The last reunion I attended was a Cousin’s Reunion designated as such for we are all cousins and descendents of my maternal grandparents, Glen and Vesta (Wilt) Johnson.  We met the summer following my brother’s death at my first cousin’s home in Ohio.  Three of us who live in other states (my sister and I and the daughter of a cousin) were the only “out of towner’s” to attend.  Two other cousins and their scattered children were unfortunately not able to attend.  Needless to say we didn’t have a business meeting or any agenda to decide how often we wanted to “reunite”.  Several of us started the day out by caravaning to the cemetery where our grandparents and my mom’s baby sister are buried and to the cemetery where my aunt and her husband are buried.  We took dozens of pictures and ate a lot of good food.  There were eight of us “first cousins” and now that my brother is gone, there is seven.  The last time all eight of us were together was my grandparents’ 50th anniversary in 1966 at their home in Kettering, Ohio.  Since then, at least one of us haven’t been able to attend an event.

This year, as you prepare or plan for the big reunion or family event, make sure you make your list of what you want to get out of it.  Do you want to digitally record each family member sharing a story or a memory?  Do you want photos of the whole gang or just the principal family members or the patriarch/matriarch with separate families?  Do you want to share family history research?  Visit a prominent spot of your family history or ancestory?  Then how do you stay in touch the rest of the year? 

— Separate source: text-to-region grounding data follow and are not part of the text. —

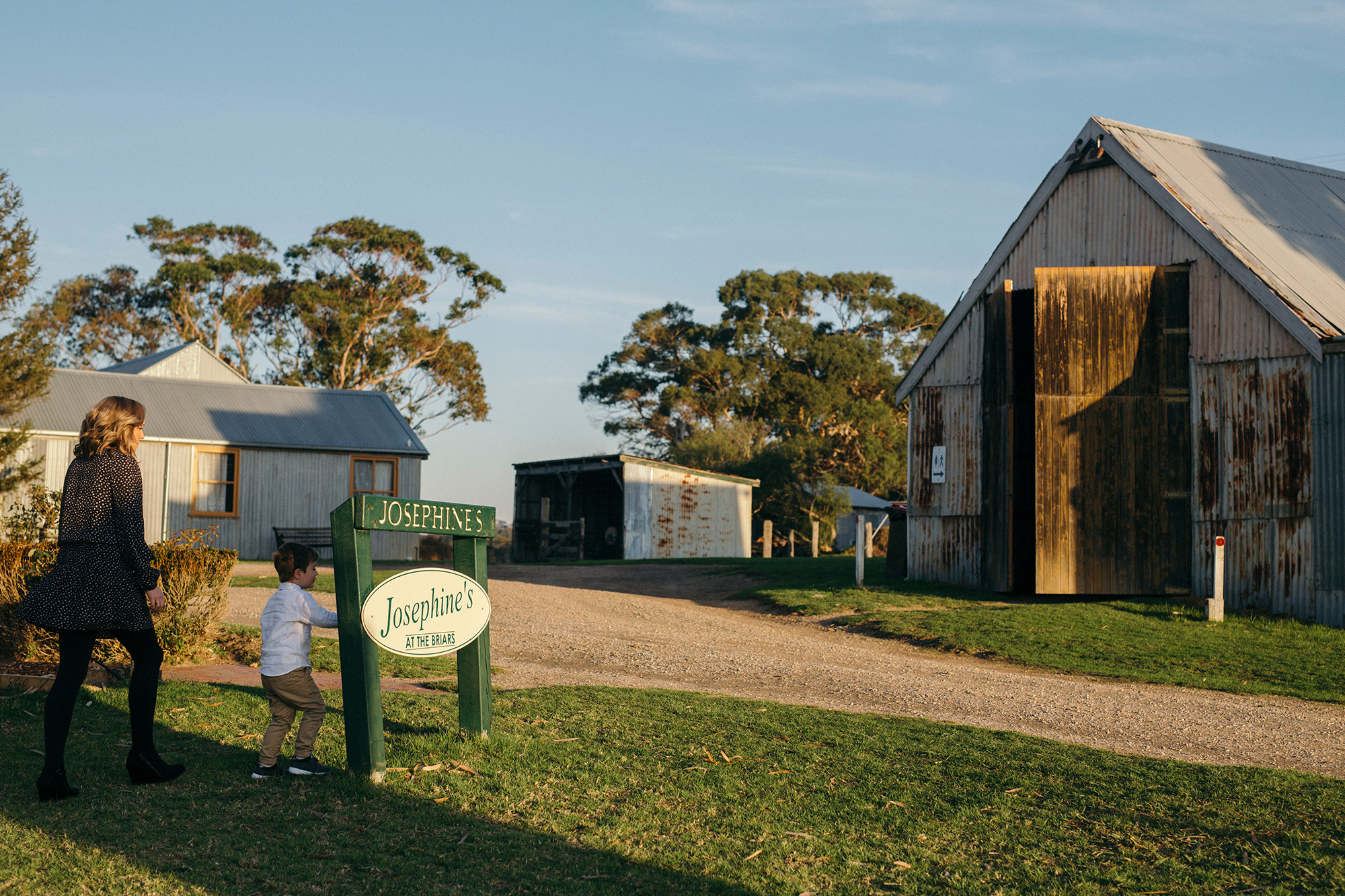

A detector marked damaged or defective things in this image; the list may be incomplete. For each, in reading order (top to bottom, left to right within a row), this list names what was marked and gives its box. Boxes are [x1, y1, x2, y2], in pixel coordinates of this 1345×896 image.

small shed with rusty stains [508, 454, 759, 559]
small shed with rusty stains [893, 115, 1345, 624]
rusty corrugated metal wall [1313, 344, 1345, 624]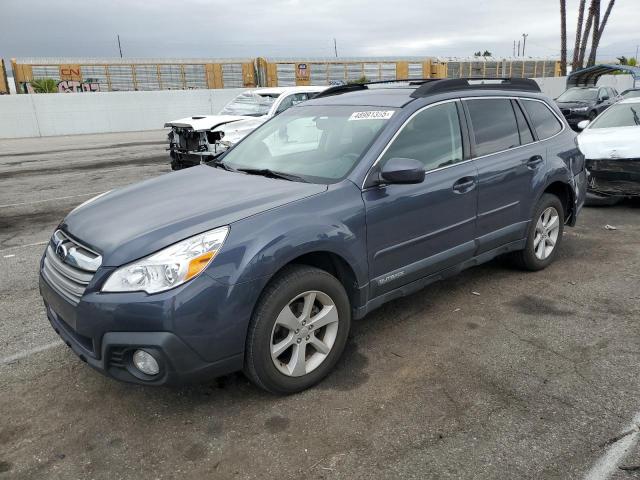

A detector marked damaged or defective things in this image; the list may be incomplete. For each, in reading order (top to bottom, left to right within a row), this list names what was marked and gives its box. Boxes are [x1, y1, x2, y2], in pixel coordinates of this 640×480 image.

damaged white car [165, 87, 324, 170]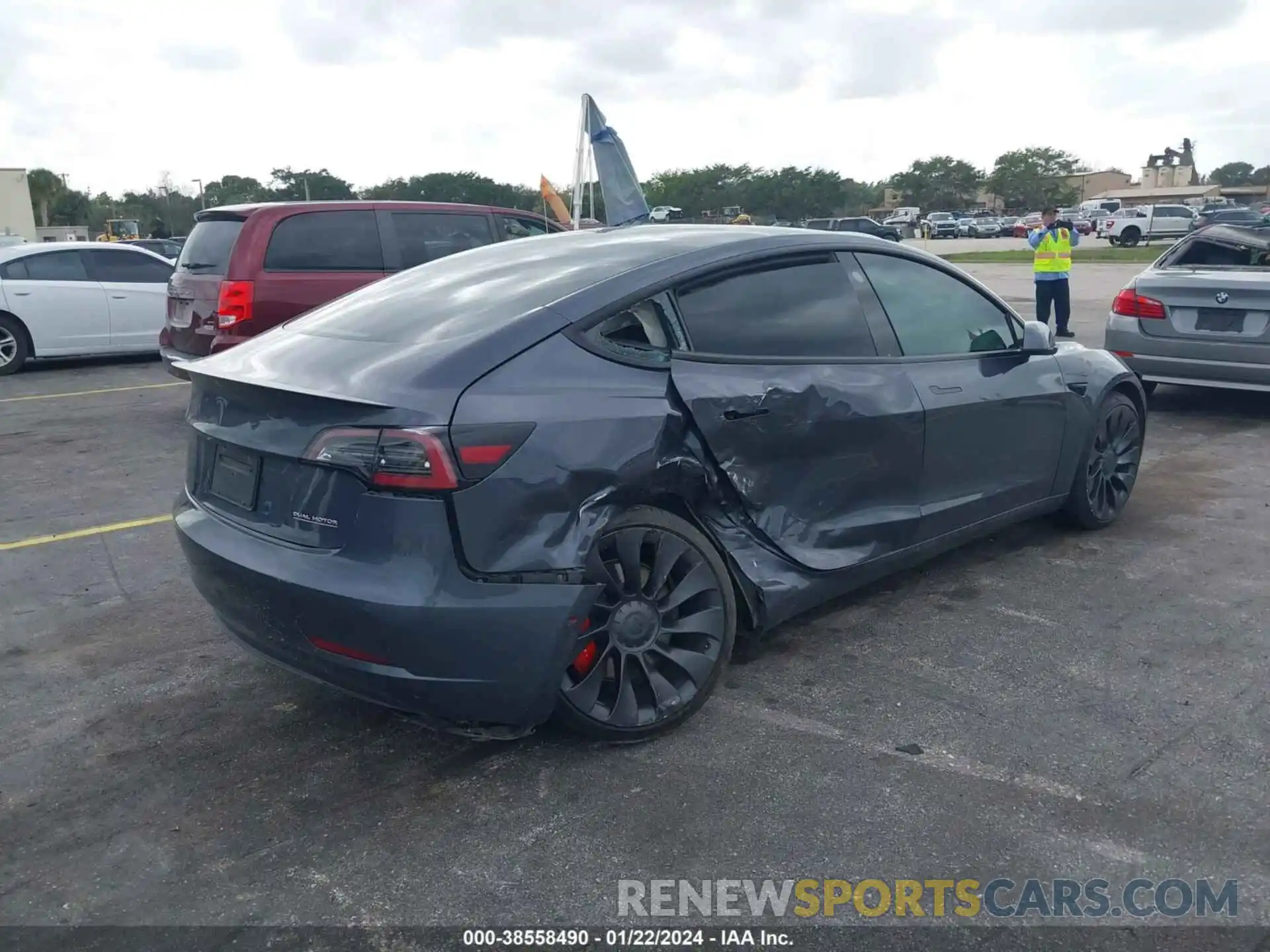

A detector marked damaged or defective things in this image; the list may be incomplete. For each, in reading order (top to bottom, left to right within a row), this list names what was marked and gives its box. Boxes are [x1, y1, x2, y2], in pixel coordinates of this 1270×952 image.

damaged tesla model 3 [173, 225, 1148, 746]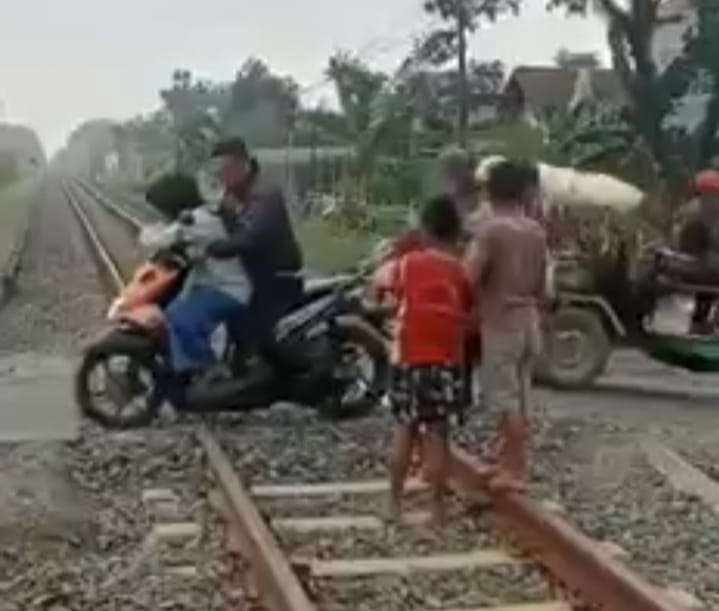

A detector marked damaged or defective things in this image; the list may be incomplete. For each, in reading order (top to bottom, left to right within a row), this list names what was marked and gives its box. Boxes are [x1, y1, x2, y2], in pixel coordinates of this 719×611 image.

Family reunions are important.  It’s a way to connect and actually meet those who share the same ancestors.  However, what’s most important is how do we keep those connections?  We can cultivate them through frequent phone calls, individual visits, or email/snail mail.  One reason is because – someday that family photo book may belong to the individual who has felt “outcast” from the family and you may never see it again!

(Pictures: Top – My dad & his siblings minus my Uncle Bervil; Detroit 1967; Bottom – Amore Sibling Reunion at my house with most everyone in the picture).